Universal phase diagrams with superconducting domes for electronic flat bands

TL;DR

This paper reveals universal phase diagrams with superconducting domes for flat band systems, showing how critical temperatures depend on doping and the nature of the order, with implications for materials like graphite and graphene.

Contribution

It introduces universal curves for critical temperatures in flat band systems based on doping and order type, explaining the coexistence and competition of superconductivity and magnetism.

Findings

Superconducting critical temperatures follow universal doping-dependent curves.

Superconducting orders persist further than magnetic or charge orders.

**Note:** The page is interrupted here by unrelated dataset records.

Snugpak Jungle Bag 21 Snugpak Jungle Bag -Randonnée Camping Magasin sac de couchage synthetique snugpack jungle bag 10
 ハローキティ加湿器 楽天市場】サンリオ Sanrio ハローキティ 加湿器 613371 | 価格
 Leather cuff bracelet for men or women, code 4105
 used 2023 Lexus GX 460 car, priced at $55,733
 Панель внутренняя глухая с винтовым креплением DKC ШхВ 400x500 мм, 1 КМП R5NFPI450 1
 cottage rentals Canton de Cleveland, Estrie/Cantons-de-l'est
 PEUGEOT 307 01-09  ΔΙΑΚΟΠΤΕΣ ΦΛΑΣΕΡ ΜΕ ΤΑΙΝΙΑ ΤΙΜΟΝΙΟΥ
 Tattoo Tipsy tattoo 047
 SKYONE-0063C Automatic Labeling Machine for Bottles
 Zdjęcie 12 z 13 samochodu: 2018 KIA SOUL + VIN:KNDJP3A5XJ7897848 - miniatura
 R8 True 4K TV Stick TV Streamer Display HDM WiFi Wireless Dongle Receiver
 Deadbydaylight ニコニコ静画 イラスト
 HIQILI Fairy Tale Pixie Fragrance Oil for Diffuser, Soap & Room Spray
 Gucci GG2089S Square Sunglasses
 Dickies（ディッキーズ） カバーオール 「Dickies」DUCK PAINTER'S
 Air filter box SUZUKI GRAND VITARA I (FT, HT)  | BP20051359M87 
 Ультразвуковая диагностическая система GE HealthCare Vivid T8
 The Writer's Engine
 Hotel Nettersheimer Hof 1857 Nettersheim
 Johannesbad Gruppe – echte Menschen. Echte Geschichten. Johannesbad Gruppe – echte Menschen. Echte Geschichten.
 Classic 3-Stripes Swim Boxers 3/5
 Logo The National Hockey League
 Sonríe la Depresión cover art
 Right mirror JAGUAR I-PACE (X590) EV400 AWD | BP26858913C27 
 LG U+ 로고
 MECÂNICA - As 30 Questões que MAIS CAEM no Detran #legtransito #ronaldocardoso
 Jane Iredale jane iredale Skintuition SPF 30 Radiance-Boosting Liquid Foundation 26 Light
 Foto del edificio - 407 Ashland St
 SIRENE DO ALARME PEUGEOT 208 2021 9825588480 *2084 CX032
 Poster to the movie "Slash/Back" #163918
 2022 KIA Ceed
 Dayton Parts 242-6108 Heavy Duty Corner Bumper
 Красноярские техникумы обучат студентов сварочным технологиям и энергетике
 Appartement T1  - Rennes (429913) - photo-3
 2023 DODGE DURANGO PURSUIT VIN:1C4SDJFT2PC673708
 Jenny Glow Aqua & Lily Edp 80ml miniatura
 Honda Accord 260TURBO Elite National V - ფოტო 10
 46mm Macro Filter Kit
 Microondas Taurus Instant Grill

Superconducting domes are likely near magnetic or charge orders even if initially suppressed.

Abstract

Condensed matter systems with flat bands close to the Fermi level generally exhibit, due to their very large density of states, extraordinary high critical ordering temperatures of symmetry breaking orders, such as superconductivity and magnetism. Here we show that the critical temperatures follow one of two universal curves with doping away from a flat band depending on the ordering channel, which completely dictates both the general order competition and the phase diagram. Notably, we find that orders in the particle-particle channel (superconducting orders) survive decisively further than orders in the particle-hole channel (magnetic or charge orders) because the channels have fundamentally different polarizabilities. Thus, even if a magnetic or charge order initially dominates, superconducting domes are still likely to exist on the flanks of flat bands. We apply these general results to both the topological surface flat bands of rhombohedral ABC-stacked graphite and to the van Hove singularity of graphene.